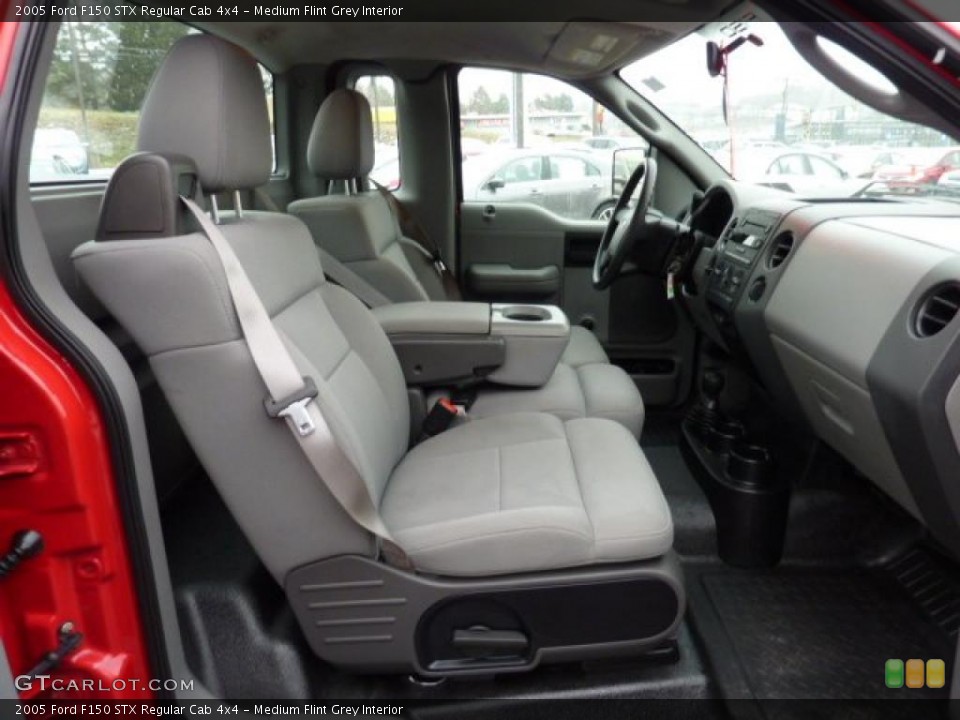 Medium Flint Grey Interior Photo for the 2005 Ford F150 STX Regular Cab 4x4 #41319354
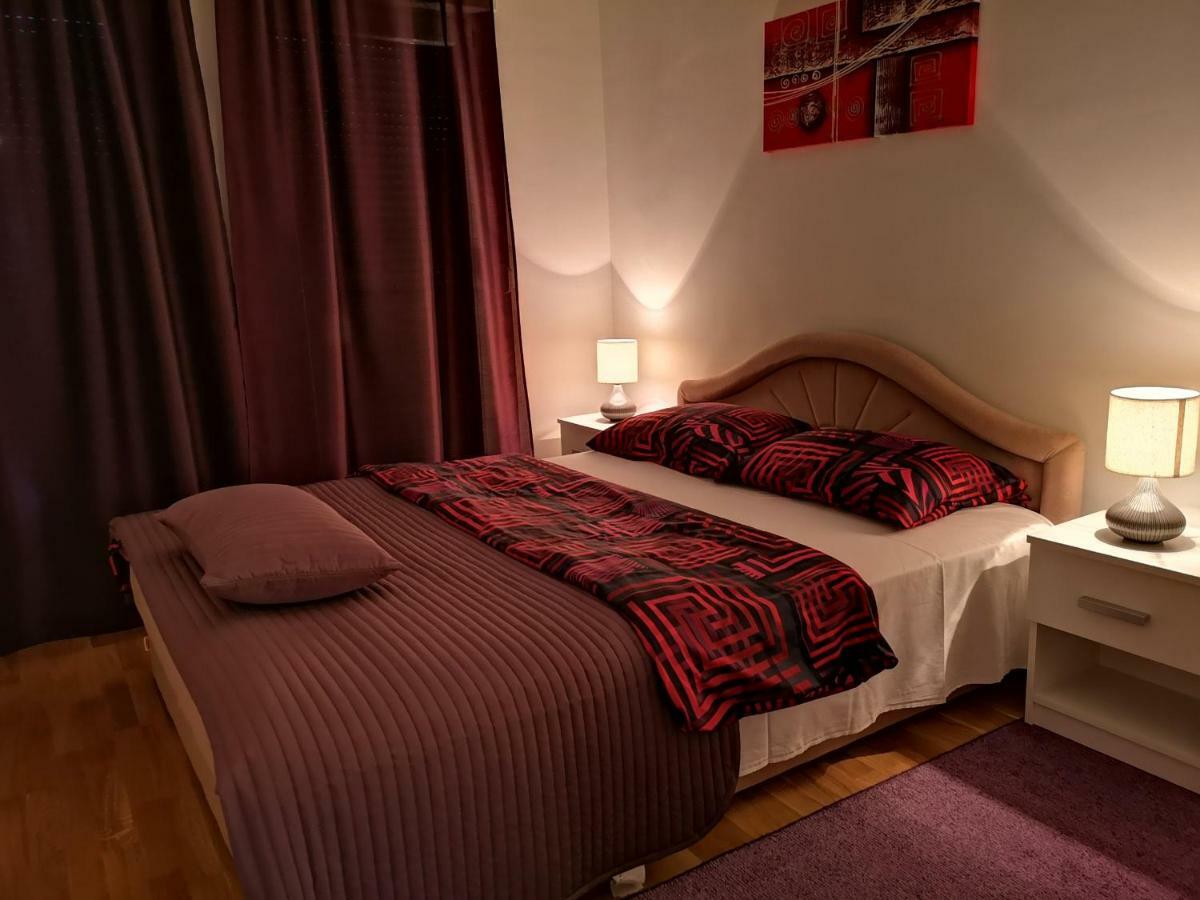 Quiet Apartment In City Center, Free Private Parking Sarajevo Bagian luar foto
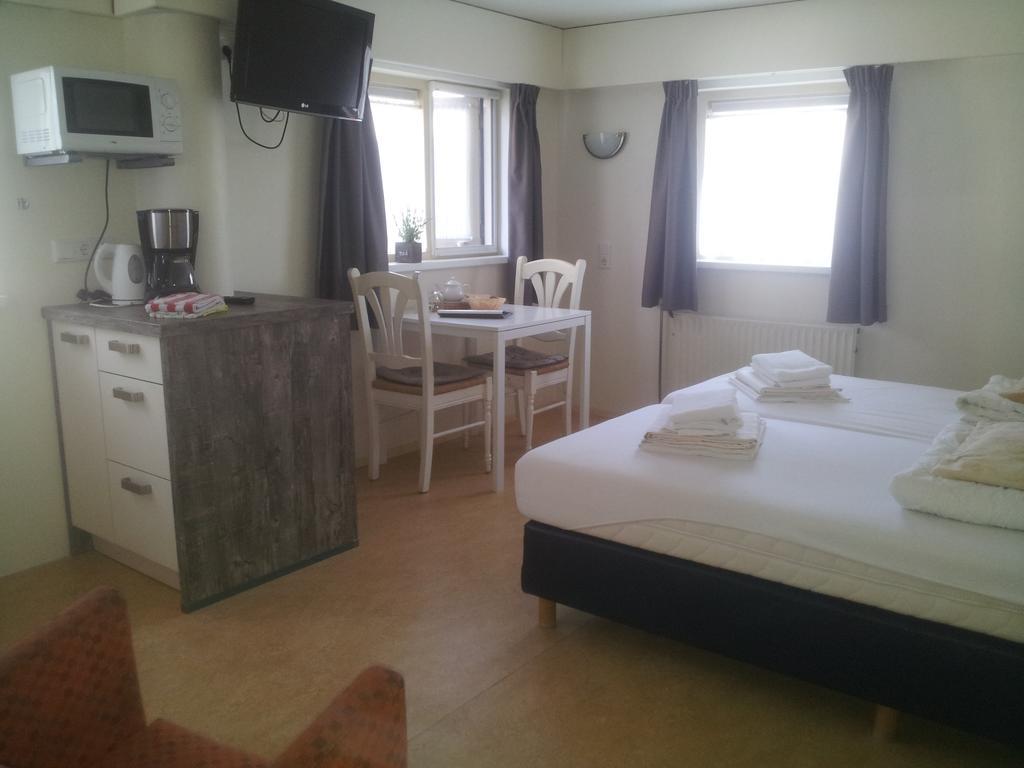 Hotel Rasch Bergen aan Zee Extérieur photo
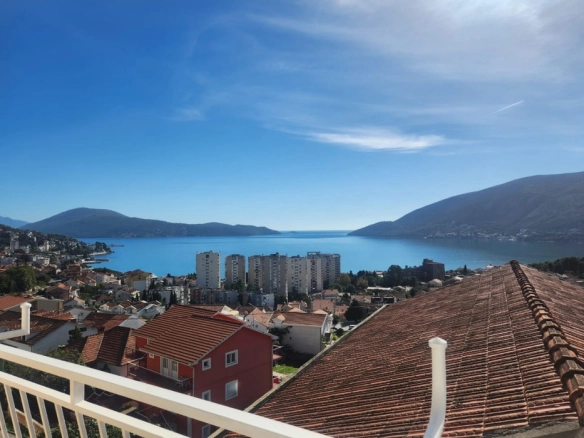 Dvosoban stan u Igalu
━━━━━━━━
_Work required_
All of the material above is to be retyped verbatim, with its pictures omitted.

_Solution to this task_
 Medium Flint Grey Interior Photo for the 2005 Ford F150 STX Regular Cab 4x4 #41319354
 Quiet Apartment In City Center, Free Private Parking Sarajevo Bagian luar foto
 Hotel Rasch Bergen aan Zee Extérieur photo
 Dvosoban stan u Igalu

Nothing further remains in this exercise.